Pound (GBP) Exchange Rate Outlook Clouded Further on Bank of England’s (BoE) Brexit Warnings

UK markets are filled with significant uncertainties, as 2018 draws to an end and the formal Brexit date approaches. Those uncertainties may be set to keep worsening until there is some solid clarification on what kind of Brexit is likely.

The Bank of England (BoE) published its latest stress test results on Wednesday and also issued forecasts on potential outcomes for Britain’s economy depending on how the Brexit process unfolds.

In the event of a ‘no-deal Brexit’, in particular a ‘disorderly’ ‘no-deal Brexit’, the bank said the UK economy could contract by as much as 8% and Sterling could shed almost a quarter of its value.

This deepened market uncertainties of what kind of economic outlook to expect, and further comments today have only deepened those uncertainties.

On Thursday morning, Bank of England Governor Mark Carney said that many businesses were not yet prepared for Brexit, especially the possibility of a ‘no-deal Brexit’.

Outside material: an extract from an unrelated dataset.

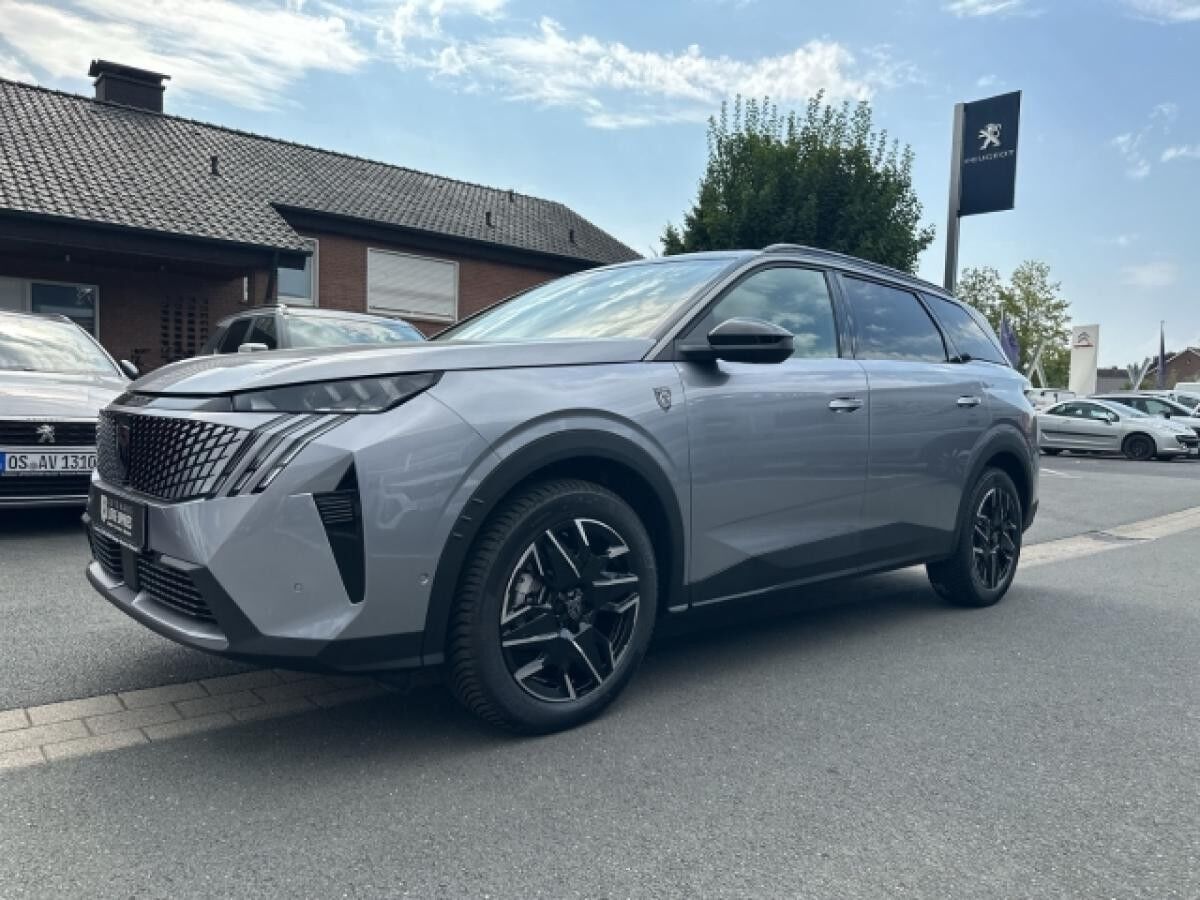 Peugeot 5008 GT HYBRID 145 e-DSC6 AHK-abn. Navi ACC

This left the Pound unappealing on market fears that regardless of how Brexit unfolds, it could serve as some kind of shock to Britain’s economy.

Euro (EUR) Bolstered by Weak US Dollar (USD) and German Unemployment

For most of the week, the Euro has been pressured by underwhelming Eurozone ecostats, as well as strength in its rival the US Dollar (USD). The Euro and US Dollar often see a negative correlation.

This also meant the Euro benefitted from Wednesday evening’s speech from Federal Reserve Chairman Jerome Powell, which knocked the US Dollar (USD).

In his speech, Powell indicated that US interest rates were ‘just below’ neutral and were likely to remain close to neutral.

This essentially meant that unless US data came in well above expectations, the Federal Reserve interest rate is unlikely to climb too much higher in 2019.

With markets increasingly betting that the Fed is nearing the end of its rate hike cycle, perceived monetary policy divergence will stop deepening, making investors less hesitant to buy the Euro compared to the US Dollar.

On top of US Dollar weakness, the shared currency also benefitted from Thursday morning’s German unemployment rate report. The data showed that Germany’s unemployment rate had unexpectedly hit a record low.

Pound to Euro (GBP/EUR) Exchange Rate Outlook Remains Focused on Brexit and Eurozone Data

With the time limit on Article 50 set to run out just over four months from now and broad uncertainties about the Brexit process still dominating markets, further developments are likely to remain the biggest focus for Pound investors.

Friday will see the publication of this week’s most notable UK data, GfK’s November UK consumer confidence results. The figure is expected to slide from -10 to -11, but the data is unlikely to be particularly influential compared to potential Brexit news.

In particular, the perceived domestic popularity of UK Prime Minister Theresa May’s Brexit plan will continue to drive Sterling.

The Euro, on the other hand, may be driven more by data. Germany’s October retail sales results, French inflation projections and most vitally Eurozone inflation projections will be published on Friday morning.

If Eurozone inflation surprises investors it could influence European Central Bank (ECB) interest rate hike bets.

Any surprising developments at the G20 summit in Argentina at the end of the week may also influence the Pound to Euro (GBP/EUR) exchange rate.